Work order >>
Restate word for word the lines below from the one that has "Klaipėdos arena: sunki" through the one that has "solid wood baby dining chair", keeping both and dropping all pictures.

==== Record set ====

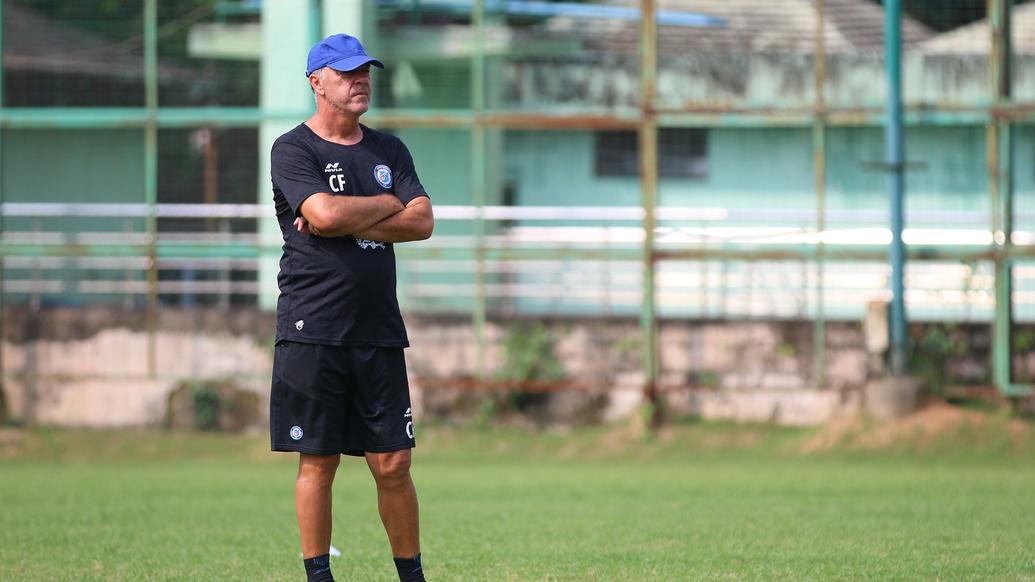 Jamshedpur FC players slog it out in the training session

====
==== Record set ====

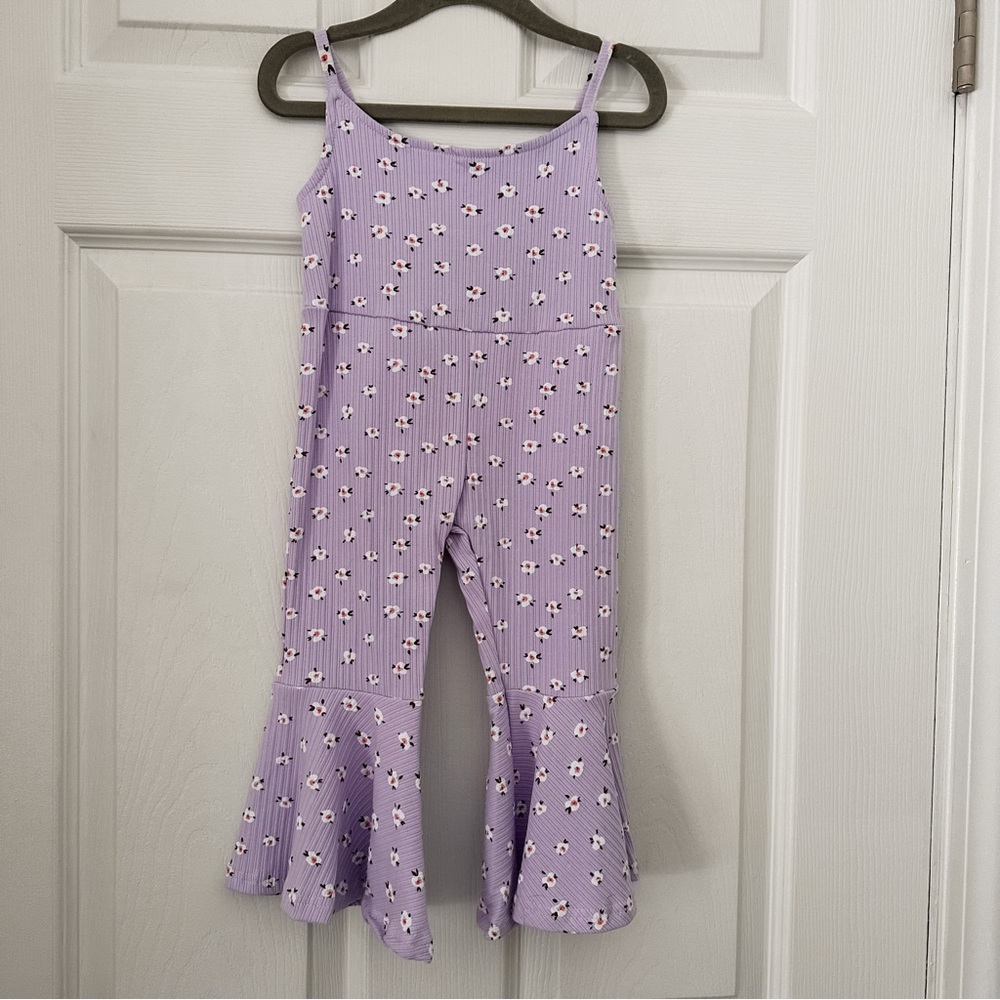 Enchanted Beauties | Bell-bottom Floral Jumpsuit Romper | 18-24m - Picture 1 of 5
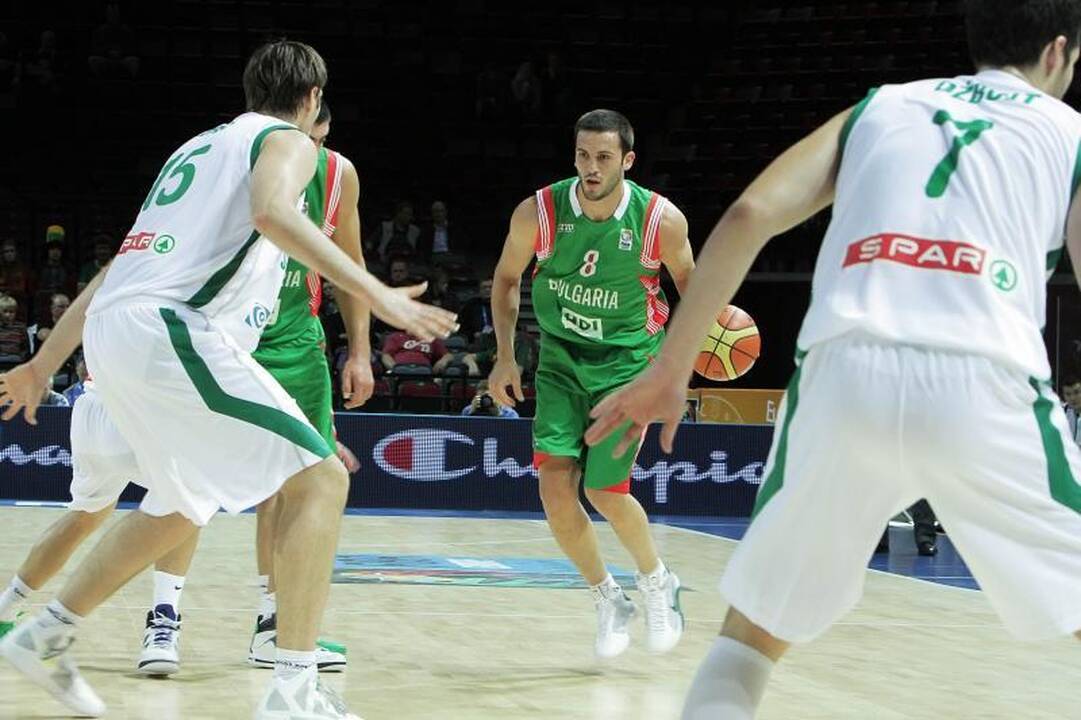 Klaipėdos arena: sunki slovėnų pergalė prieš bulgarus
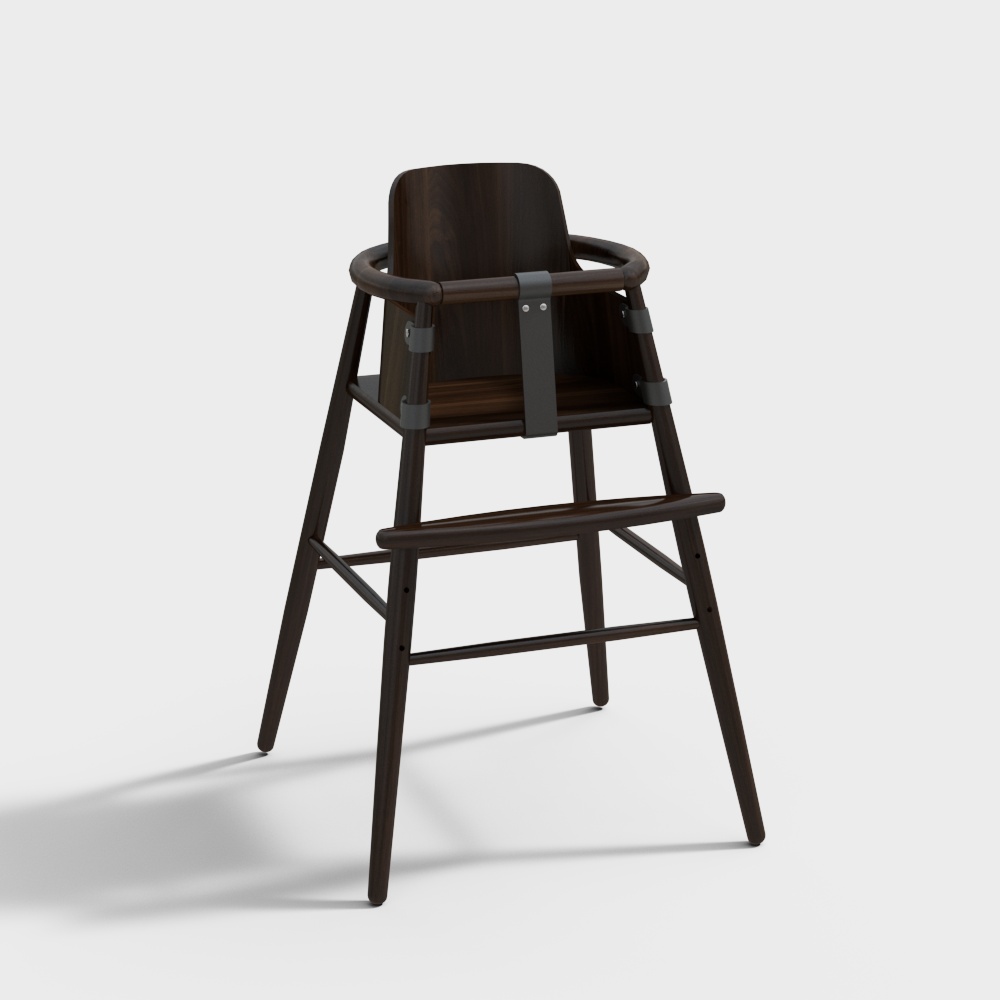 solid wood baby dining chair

====
==== Record set ====

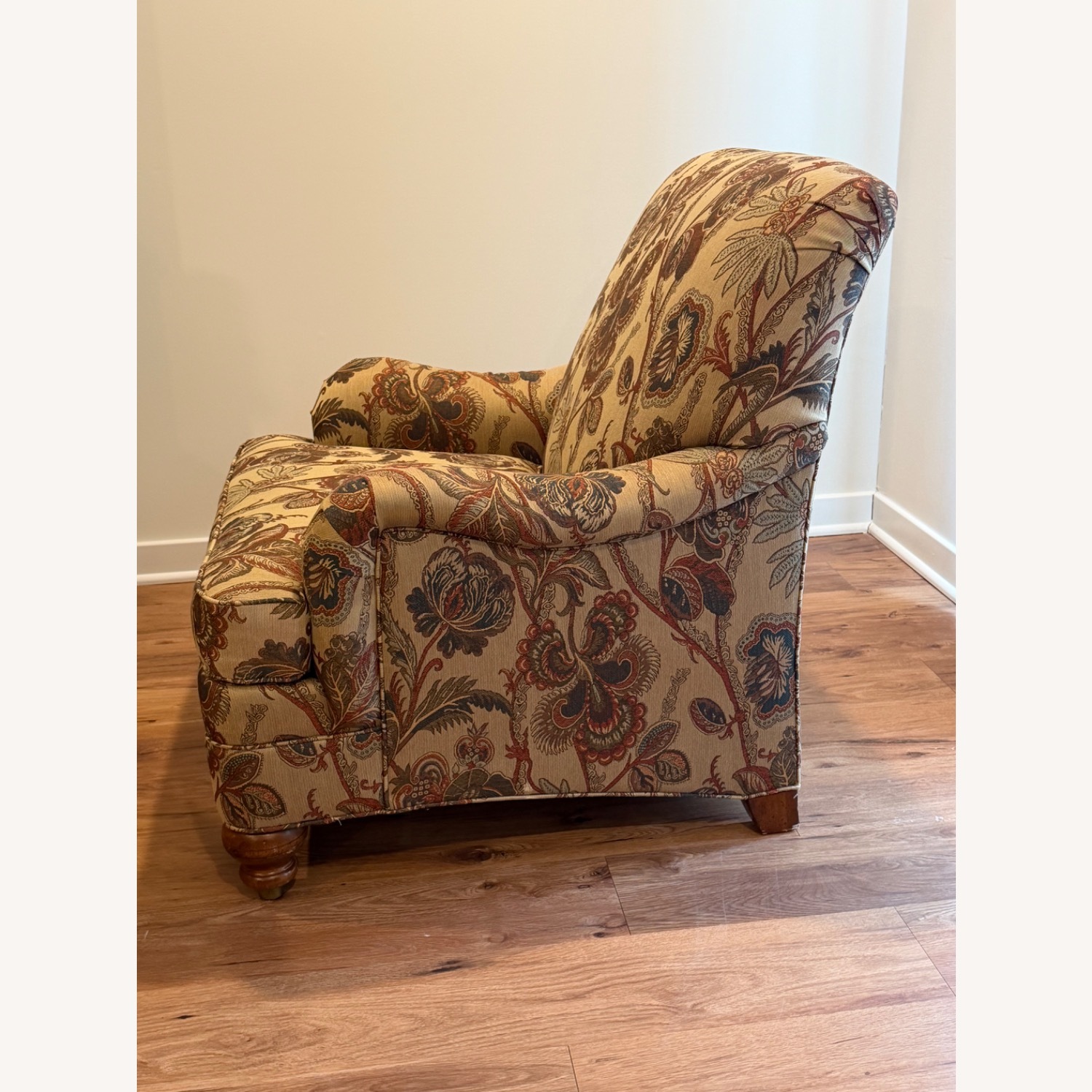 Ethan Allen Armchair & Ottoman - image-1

====

Solution for this task >>
 Klaipėdos arena: sunki slovėnų pergalė prieš bulgarus
 solid wood baby dining chair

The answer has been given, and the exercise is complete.